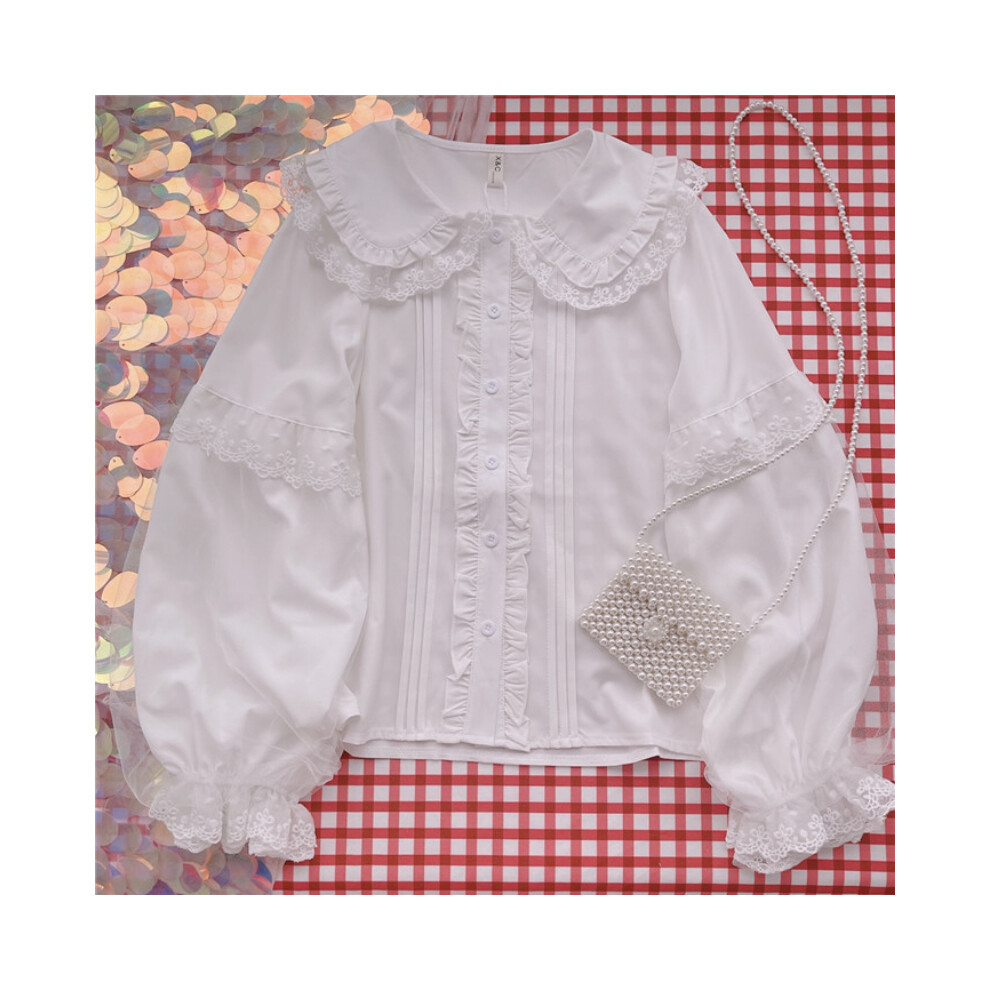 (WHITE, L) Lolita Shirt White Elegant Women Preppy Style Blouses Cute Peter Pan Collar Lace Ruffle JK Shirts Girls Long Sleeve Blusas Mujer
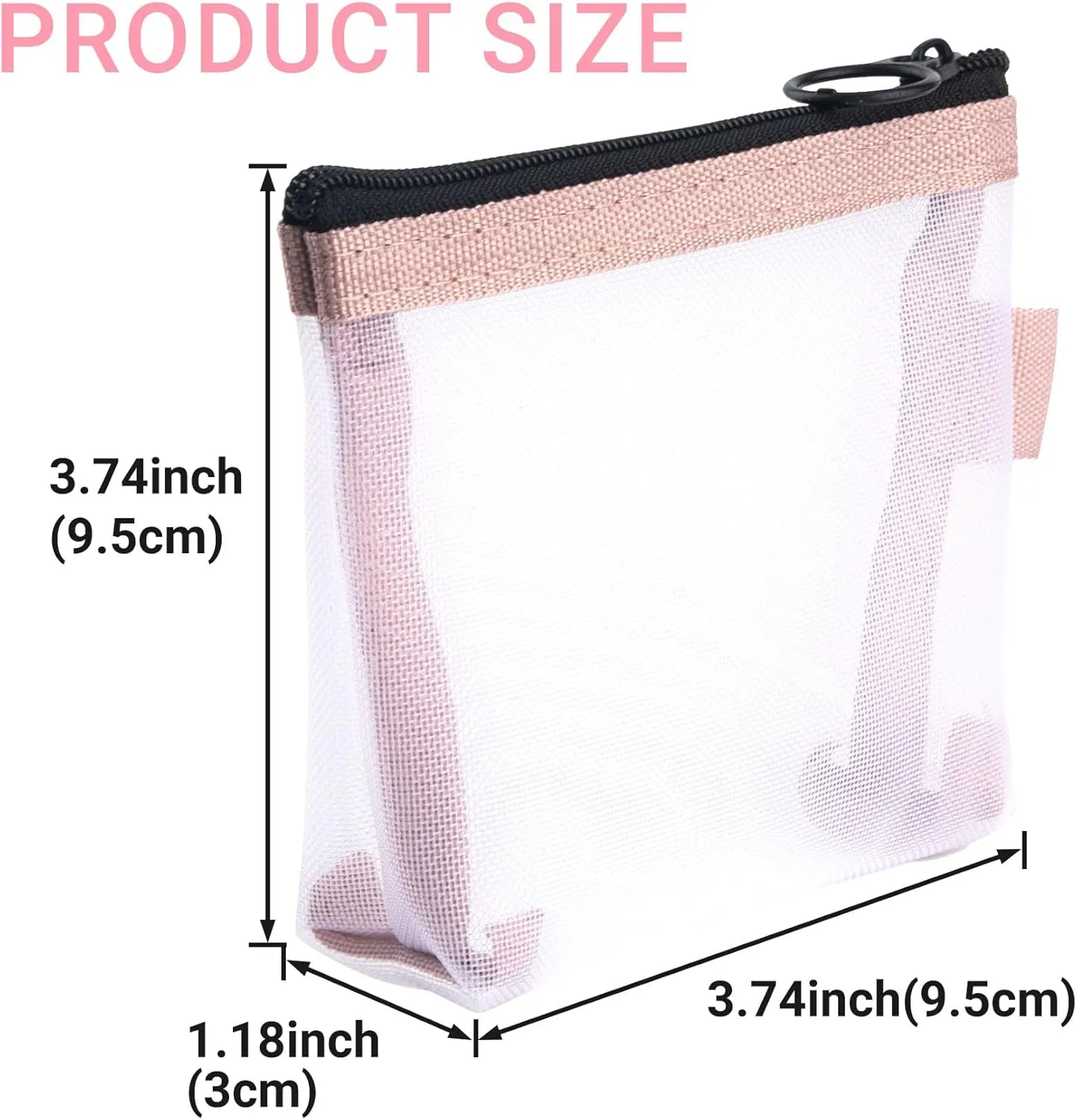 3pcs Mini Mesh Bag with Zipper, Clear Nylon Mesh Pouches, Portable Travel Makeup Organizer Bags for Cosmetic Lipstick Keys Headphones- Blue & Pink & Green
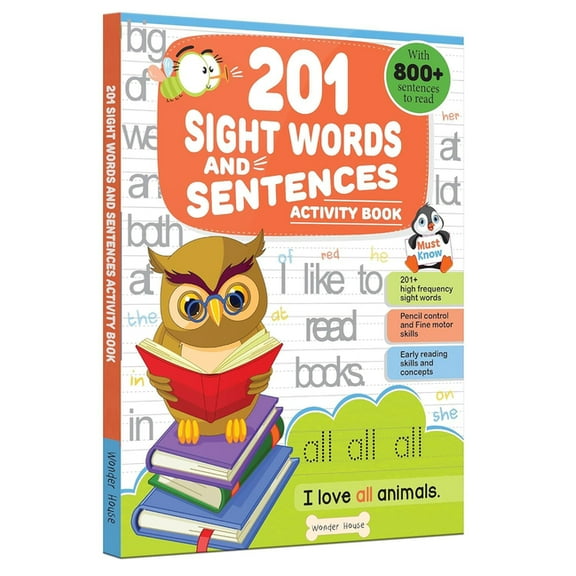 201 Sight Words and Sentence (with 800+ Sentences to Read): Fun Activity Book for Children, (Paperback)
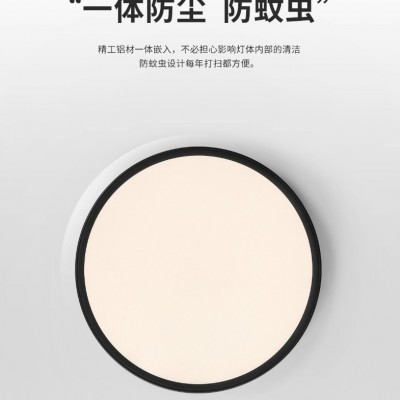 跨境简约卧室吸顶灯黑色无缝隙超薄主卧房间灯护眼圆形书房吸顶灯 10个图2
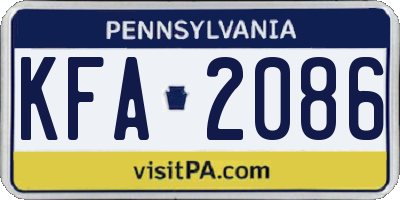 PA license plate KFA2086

:::::

## What to produce
Starting with the line that contains "3pcs Mini Mesh", reproduce every line down to the end of the listing above, both endpoints included. Pictures stay out.

## Task output
 3pcs Mini Mesh Bag with Zipper, Clear Nylon Mesh Pouches, Portable Travel Makeup Organizer Bags for Cosmetic Lipstick Keys Headphones- Blue & Pink & Green
 201 Sight Words and Sentence (with 800+ Sentences to Read): Fun Activity Book for Children, (Paperback)
 跨境简约卧室吸顶灯黑色无缝隙超薄主卧房间灯护眼圆形书房吸顶灯 10个图2
 PA license plate KFA2086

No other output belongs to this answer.